La risposta è più complessa di quanto si possa pensare ed esula il semplice ambito sportivo andando a toccare differenze culturali e sociali. Gino Bartali, toscano, classe 1914, era un campione già affermato prima della Seconda guerra mondiale. Cattolico devoto, conservatore, schivo e legato ai valori tradizionali, ha rappresentato per molti italiani del dopoguerra la continuità con un passato rassicurante.

Da parte sua, Fausto Coppi, piemontese, di cinque anni più giovane, esplode nel ciclismo negli anni ’40. Innovatore negli allenamenti e nell’alimentazione, più aperto al progresso e alle novità, viene visto come l’icona di un’Italia moderna, laica e proiettata verso il futuro. La loro rivalità, dunque, é stato lo specchio di un paese spaccata in due, tra Nord e Centro-Sud, tra innovazione e tradizione, tra monarchici e repubblicani, tra il pubblico che parteggiava per “Ginettaccio” e quello che adorava il “Campionissimo”.

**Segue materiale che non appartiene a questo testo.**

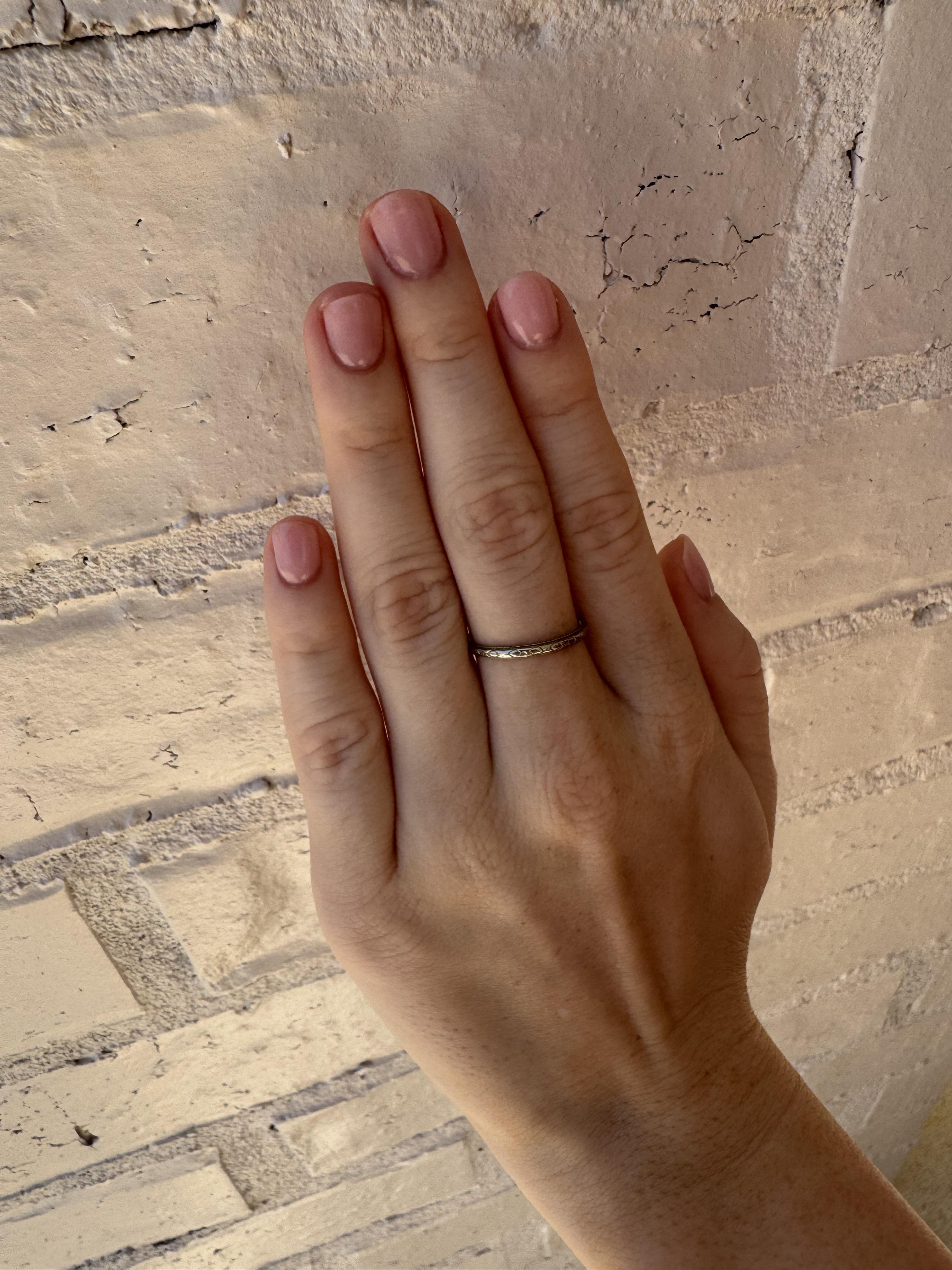 Ein wunderschönes Stück Vintage-Geschichte!

Ring Details:
MATERIAL: 18K Weißgold
Schaftbreite: 2mm
Höhe: 1mm
Gewicht: 1,3 Gramm
Fingergröße: 7
Verfügbare Größenoptionen

Artikel: 768TMV8-AL0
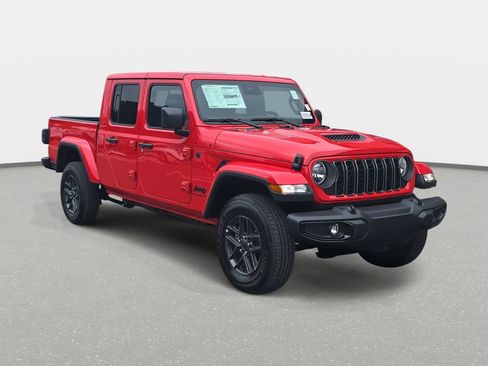 New 2025 Jeep Gladiator Sport image 3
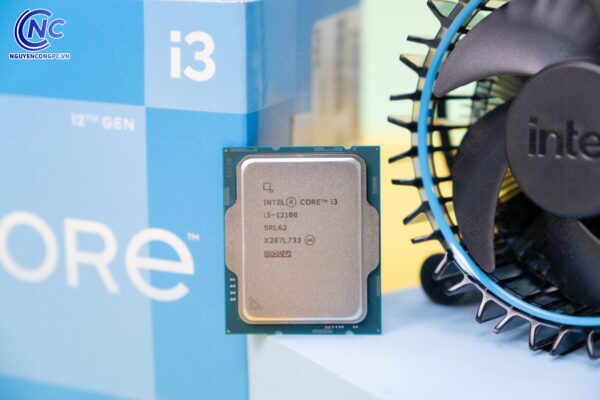 INTEL Core i3-12100 s1700 4 Cores (3,3GHz 12Mo ) * ALDER LAKE-S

Dal punto di vista sportivo, poi, la loro contrapposizione ha dato vita ad una leggenda che vive ancora oggi e che si è misurata a colpi di pedalate nelle tappe più dure del Giro d’Italia e il Tour de France. I due, infatti, gareggiano spesso fianco a fianco, spingendosi a superare i propri limiti. Memorabile è il Tour de France del 1952, quando Coppi e Bartali si passano una borraccia durante una tappa alpina. Un gesto di rispetto che diventa simbolo di sportività ed ha fatto discutere per anni su chi l’ha porta per primo.
Andando oltre le loro differenze caratteriali e le tensioni sportive, però, Coppi e Bartali hanno sempre nutrito una profonda stima reciproca. Il loro rapporto, inizialmente teso, infatti, si è ammorbidito con il tempo. Entrambi hanno riconosciuto l’unicità del loro duello sportivo e il ruolo che ha avuto nel rendere grande il ciclismo italiano. Un atteggiamento che Bartali ha continuato ad avere anche dopo la morte del suo rivale, ricordandolo sempre con affetto e riconoscendone il talento e l’umanità. Al di là delle schermaglie e delle differenze, dunque, tra i due c’è sempre stato rispetto, un sentimento che ha contribuito a rendere la loro rivalità un modello di lealtà sportiva.